Sometimes layer upon layer upon layer upon layer upon layer... is faster (and better) than just a single layer.

by somekool (not verified)

Did you say that once you switch backend in Phonon's config, it will use that backend and only that one?

I thought it could be a preference list, like the KDE language settings. so that one is preferered and if it fails, it fallback onto the next one. wouldn't that be sweet? and non-working backend on a system should be automatically disable. for example on a fresh install gstreamer backend would be the default (for example), phonon finds out it fails, phonon suppose gstreamer is not installed and disable the backend. so it won't try and fail again.

another solution would be to mimic the file association config panel. mimi-type type of thing. where, I want mplayer or xine to handle video, and gstreamer for music. again, for example.

keep up the good work

thanks

by Ben (not verified)

I was wondering what happens to programs like VLC that have the codecs built in rather than useing an engine like xine. Will there some way of controlling VLC via Phonon? say by useing a special phonon-engine that just takes sound from VLC and sends it to ALSA or the Sound Server?

by otherAC (not verified)

there is no need for vlc to use phonon for this, just like there is no need voor xine, mplayer or xmms to use phonon.

by Ben (not verified)

Well there is no need for it to use phonon for decodeing media, but what about phonon's volume control, or its ability to chose diffrent pieces of hardware or soundservers?

by otherAC (not verified)

if VLC sees advantage in supporting phonon, then they can put an option in the media player that uses phonon as backend.
Just like xmms had an option to use aRts as backend.

by Josep (not verified)

Hi, I like very much what I have read about Phonon, and I would like to ask if there will be support for PulseAudio (http://pulseadio.org) as it seems it's evolving and becoming more popular now.

Thanks.

by otherAC (not verified)

Looks like competition for GStreamer :)

I guess if someone writes a pulseaudio backend for phonon, then pulseaudio will be supported as wel..

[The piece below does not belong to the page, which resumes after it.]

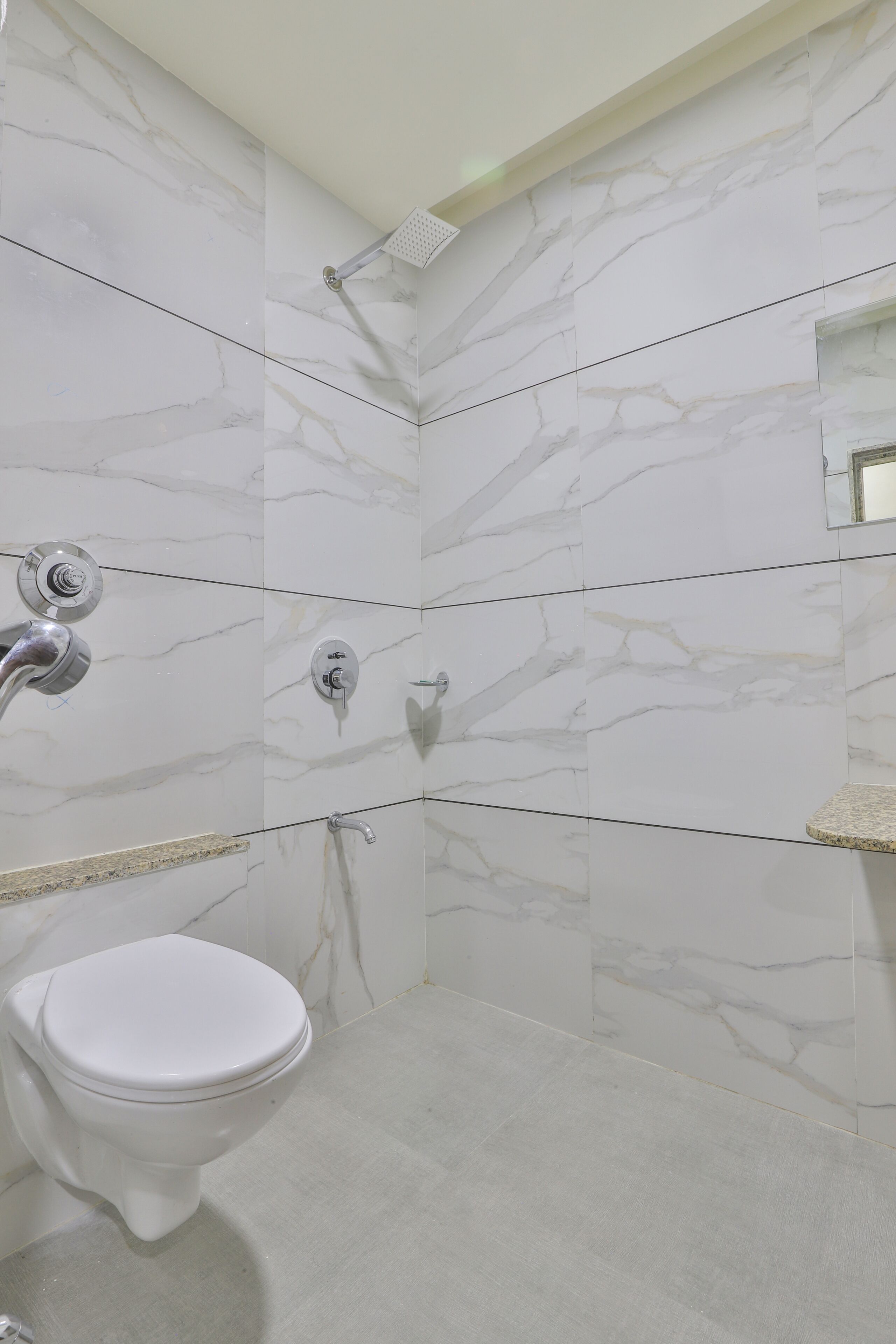 Un baño con inodoro blanco, ducha con cabezal de ducha de mano y pared con diseño de mármol.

by Kevin Krammer (not verified)

I don't think that PulseAudio is a competitor of GStreamer, they have orthogonal feature sets.

PulseAudio is very likely already a supported output option of GStreamer, in which case it is also supported by the GStreamer based Phonon backend.

by Tim Beaulen (not verified)

Judging from the name PulseAudio, it seems to deal with audio only.

But indeed, GStreamer can play to a PulseAudio server.

http://img201.imageshack.us/my.php?image=snapshot1br2.png
http://img74.imageshack.us/my.php?image=snapshot2ko4.png

by phony (not verified)

I'm just curios about authoring APIs. Something on par with QuickTime - check the example: http://developer.apple.com/documentation/QuickTime/RM/CreatingMovies/MTC...

The goal of Phone is all nice and evolutionary. But IMHO problem now is not a playback - but creativity support. KDE (and Linux desktop) need decent multimedia creativity support to go forward. After all to play some multimedia content - it (the content) has to be first created.

There are only few applications - e.g. Cinelera, Kino, mencoder, transcode. As my friend said if you want to buy camcoder and use it under Linux - do NOT buy camcoder: video encoding at best flaky, video editing is non-existent.